By using each test piece prepared by the above method, the following evaluation tests were conducted.

First, to analyze factors controlling a thermal fatigue life, solid, rod-shaped test pieces each having a diameter of 10 mm and a length of 20 mm were used, and subjected to an oxidation test by exposing them to the air at 900°C for 200 hours. In the oxidation test, an oxide scale formed on the surface of the test piece was removed by a sand blasting treatment to measure a weight variation per a unit surface area. By calculating an oxidation weight loss (g/cm2) after the oxidation test, the oxidation resistance was evaluated.

Also, for the examination of tensile properties, a tensile test was conducted both at a room temperature and at a high temperature. For the tensile test at a room temperature, a No. 4 standard tensile-test piece according to JIS Z 2201 was employed. For the tensile test at a high temperature, a flanged test piece having a gauge diameter of 10 mm and a gauge distance of 50 mm defined in JIS G 0567 was employed, and the test was conducted at 850°C

Also, a thermal expansion was measured on a test piece having a diameter of 3 mm and a length of 10 mm by heating in vacuum, to investigate a transformation point, which is known to make the heat deformation resistance low if it falls in the range of a usual operation temperature for exhaust parts. Also, by using a test piece having a U-notch (No. 3 test piece according to JIS), the impact test was conducted at a room temperature.

Furthermore, since exhaust equipment members are subjected to great thermal fatigue, when used in a state where a thermal expansion and a thermal contraction are restrained in heating and cooling cycles, it is primarily important that the heat-resistant cast iron used for exhaust equipment members is highly resistant to cracking and deformation by the thermal fatigue. Therefore, by using an electric-hydraulic servo-type thermal fatigue test machine, a thermal fatigue life was measured on each test piece.

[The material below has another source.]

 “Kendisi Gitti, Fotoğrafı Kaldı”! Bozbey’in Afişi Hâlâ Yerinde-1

For the thermal fatigue test, a rod-shaped test piece having a gauge distance of 20 mm and a gauge diameter of 10 mm was subjected to a heating and cooling cycle, by controlling a high-frequency coil output and a cooling-air jet. The expansion and contraction of the test piece caused by the heating and cooling were completely restrained mechanically by using an extensometer. In this case, a phase of a temperature variation and a phase of a strain variation have an inverse relationship. Conditions of heating and cooling are as follows:

Lowest temperature: 150°C

Highest temperature: 900°C

Heating time to the highest temperature: 2 minutes.

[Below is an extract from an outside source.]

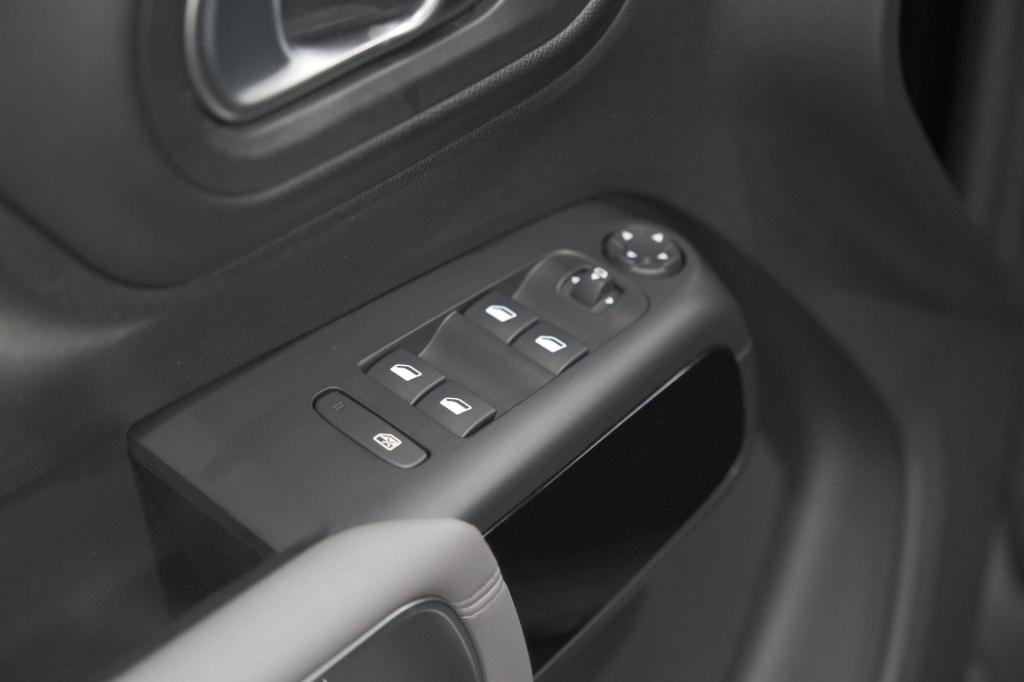 Citroen C5 Aircross puretech 130 feel | trekhaak | camera | dodehoekdetecti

Heating time at the highest temperature: 1 minute.

Cooling time to the lowest temperature: 4 minutes.

Each cycle of the above temperature variation: 7 minutes.

Incidentally, a thermal fatigue life was defined as the number of whichever earlier cycles, until when the test piece was broken, or until when a tensile load decreased to 75% of that of the test piece at the lowest temperature after 2 cycles due to the necking of the test piece.

With respect to Examples (the present invention), Comparative Examples and Conventional Examples, Table 4 shows the results of a matrix structure observation in an as-cast state, an oxidation test, a tensile test, a transformation temperature analysis, a Charpy impact test, and a thermal fatigue test. Since the test pieces of the present invention shown in Table 4 have a colony-phase area ratio defined by a colony-phase area/(a ferrite-phase area+a colony-phase area) of 15-90%, they have excellent heat resistance. Typical as-cast matrix structures of the test pieces of the present invention are shown in photomicrographs (100×) in FIGS. 1 and 2. FIG. 1 is a photomicrograph of Example 2 having a colony-phase area ratio of about 30%, and FIG. 2 is a photomicrograph of Example 7 having a colony-phase area ratio of about 90%.

An as-cast matrix of Comparative Example 1 is shown in FIG. 3. It is shown that a nearly whole area of the matrix of the as-cast test piece of Comparative Example 1 has a hard sorbitic structure. This is because the amount of Si having a function of expanding a ferrite phase is too small relative to the amount of C. Since a sorbitic structure is hard, the test piece of Comparative Example 1 is brittle and its machining is carried out with much difficulty. Obviously, if the test piece is annealed at a temperature of 850°-900°C, the sorbite would be decomposed to a ferrite phase and carbide particles. However, since a heat treatment costs a lot and causes a high heat strain on very thin parts, it is not preferable that there exists a sorbitic metal matrix in an as-cast state.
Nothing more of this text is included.